Incydent sprzed dwóch tygodni był dotychczas skrzętnie skrywany. Ujawnił go dopiero dzisiaj "Super Express", który napisał, że w niedzielę 28 lipca Wojtunik razem z córką wsiadł do prywatnego renault espace.
"Szef CBA jedzie w kierunku Żyrardowa odebrać swoją drugą córkę z kolonii. Na rogatkach Warszawy zaczyna słyszeć dziwne dźwięki, wydobywające się z lewego przedniego koła. Zatrzymuje samochód na poboczu i sprawdza koło. Okazuje się, że w kole ma odkręcone 5 śrub" - napisał "SE".
Próbowaliśmy zweryfikować te informacje i zadzwoniliśmy do Jacek Dobrzyński, rzecznika Centralnego Biura Antykorupcyjnego. Nie był zbyt rozmowny. Niemal na wszystkie pytania odpowiadał w ten sam sposób.
- O wszelkich incydentach związanych z bezpieczeństwem szefa CBA informujemy BOR. Tam proszę dowiadywać się - tłumaczył.
Warto przypomnieć, że Wojtunik przeszedł do CBA z Centralnego Biura Śledczego, gdzie zajmował się rozpracowywaniem przestępczości zorganizowanej i gangsterzy rzekomo mieli wydać na niego wyrok śmierci. Dlatego ówczesny minister spraw wewnętrznych przyznał Wojtunikowi ochronę BOR.
Major Dariusz Aleksandrowicz potwierdził nam doniesienia "Super Expressu", ale...
- Na pewno stwierdzono poluzowanie się śrub, nie wiemy jednak, czy ktoś to zrobił celowo. Sprawą zajmuje się prokuratura, która wszczęła postępowanie z urzędu, bo Paweł Wojtunik nie złożył zawiadomienia - wyjaśnia rzecznik BOR-u.
Dociekaliśmy, jak to mogło się stać, że szef jednej z największych służb specjalnych w Polsce, poruszał się niesprawnym samochodem. A jeśli była to próba zamachu, to jakim cudem bandyta dotarł do auta Wojtunika i miał tyle czasu, że odkręcił aż pięć śrub. Wygląda to na kolejką kompromitującą wpadkę Biura Ochrony Rządu. Oczywiście, jego rzecznik widzi sprawę inaczej.
- To nie był samochód służbowy - tłumaczy mjr Aleksandrowicz. -
Tamtego dnia Paweł Wojtunik chciał spędzić czas w gronie rodziny i zrezygnował z ochrony - dodaje.

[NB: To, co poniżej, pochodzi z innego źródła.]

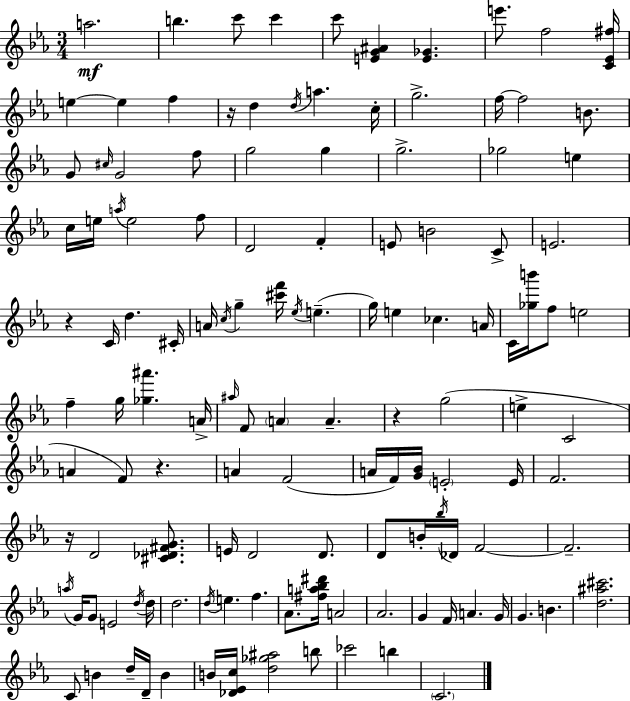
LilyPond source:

{
  \clef treble
  \numericTimeSignature
  \time 3/4
  \key ees \major
  \repeat volta 2 { a''2.\mf | b''4. c'''8 c'''4 | c'''8 <e' g' ais'>4 <e' ges'>4. | e'''8. f''2 <c' ees' fis''>16 | \break e''4~~ e''4 f''4 | r16 d''4 \acciaccatura { d''16 } a''4. | c''16-. g''2.-> | f''16~~ f''2 b'8. | \break g'8 \grace { cis''16 } g'2 | f''8 g''2 g''4 | g''2.-> | ges''2 e''4 | \break c''16 e''16 \acciaccatura { a''16 } e''2 | f''8 d'2 f'4-. | e'8 b'2 | c'8-> e'2. | \break r4 c'16 d''4. | cis'16-. a'16 \acciaccatura { c''16 } g''4-- <cis''' f'''>16 \acciaccatura { ees''16 }( e''4.-- | g''16) e''4 ces''4. | a'16 c'16 <ges'' b'''>16 f''8 e''2 | \break f''4-- g''16 <ges'' ais'''>4. | a'16-> \grace { ais''16 } f'8 \parenthesize a'4 | a'4.-- r4 g''2( | e''4-> c'2 | \break a'4 f'8) | r4. a'4 f'2( | a'16 f'16) <g' bes'>16 \parenthesize e'2-. | e'16 f'2. | \break r16 d'2 | <cis' des' fis' g'>8. e'16 d'2 | d'8. d'8 b'16-. \acciaccatura { bes''16 } des'16 f'2~~ | f'2.-- | \break \acciaccatura { a''16 } g'16 g'8 e'2 | \acciaccatura { d''16 } d''16 d''2. | \acciaccatura { d''16 } e''4. | f''4. aes'8. | \break <fis'' a'' bes'' dis'''>16 a'2 aes'2. | g'4 | f'16 a'4. g'16 g'4. | b'4. <d'' ais'' cis'''>2. | \break c'8 | b'4 d''16-- d'16-- b'4 b'16 <des' ees' c''>16 | <d'' ges'' ais''>2 b''8 ces'''2 | b''4 \parenthesize c'2. | \break } \bar "|."
} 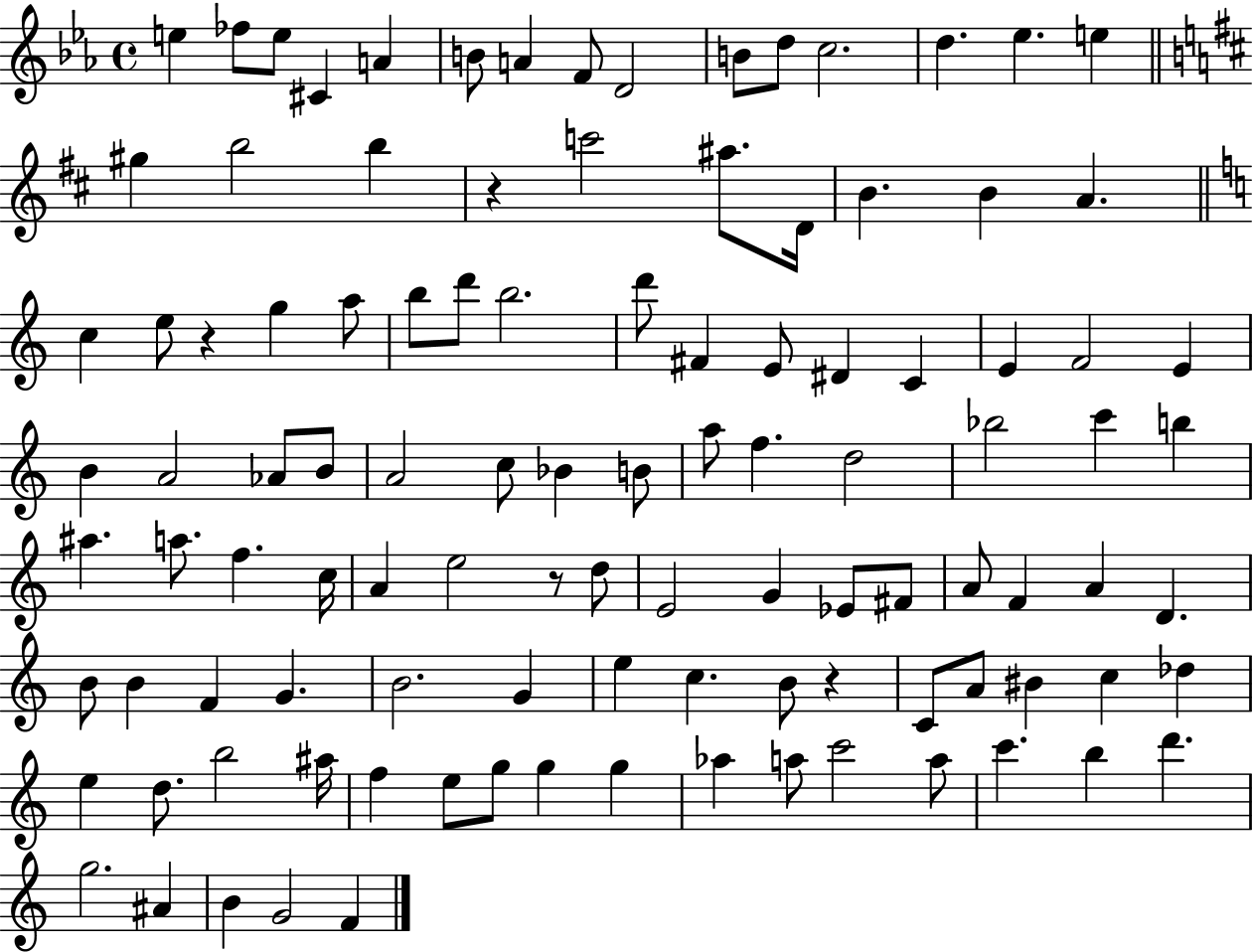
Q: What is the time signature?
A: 4/4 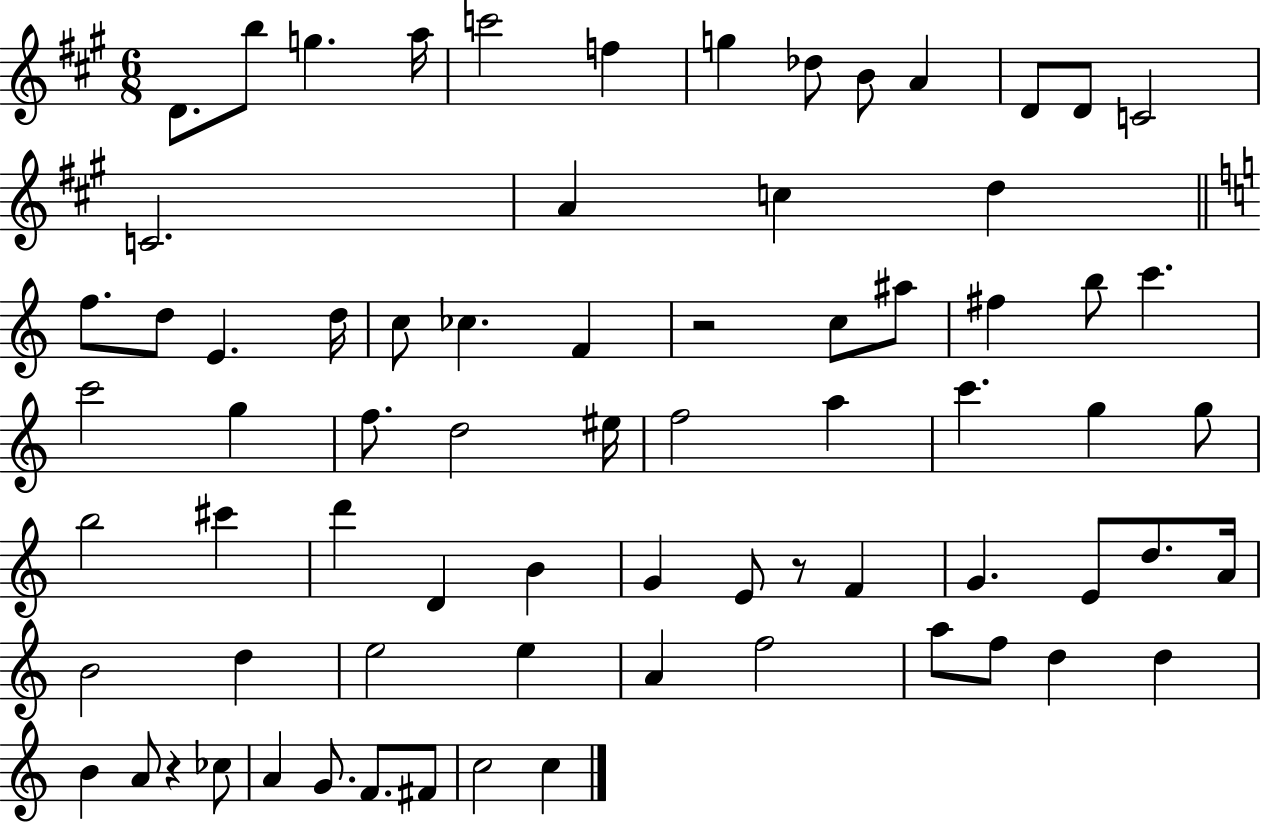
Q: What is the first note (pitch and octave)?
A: D4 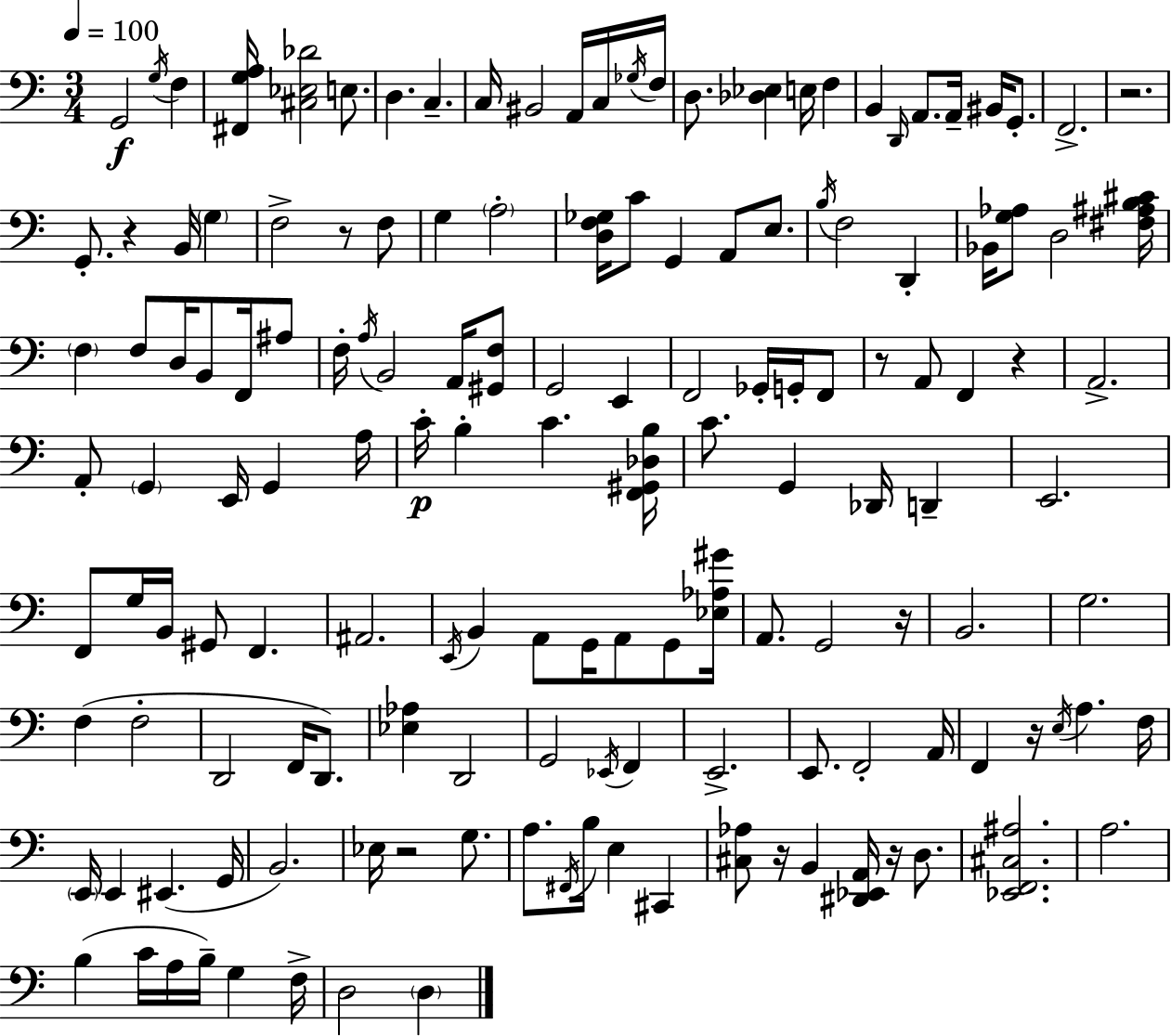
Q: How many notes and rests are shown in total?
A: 149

- Po tym incydencie, i pogróżkach, ochrona została zmieniona i wzmocniona - podkreśla rzecznik BOR. Pogróżki? To była nowa informacja. Pytaliśmy więc o szczegóły. -
Nic więcej nie mogę powiedzieć - skwitował mjr Aleksandrowicz.
Dzisiaj na stronie internetowej Prokuratury Okręgowej w Warszawie pojawił się komunikat, że:
"w dniu 12 sierpnia 2013 r. wdrożyła z urzędu postępowanie sprawdzające w sprawie narażenia Szefa CBA Pawła Wojtunika na bezpośrednie niebezpieczeństwo utraty życia albo ciężkiego uszczerbku na zdrowiu tj. o czyn z art. 160 § 1 1kk.". Czynności w sprawie zostaną zlecone Komendzie Stołecznej Policji w Warszawie.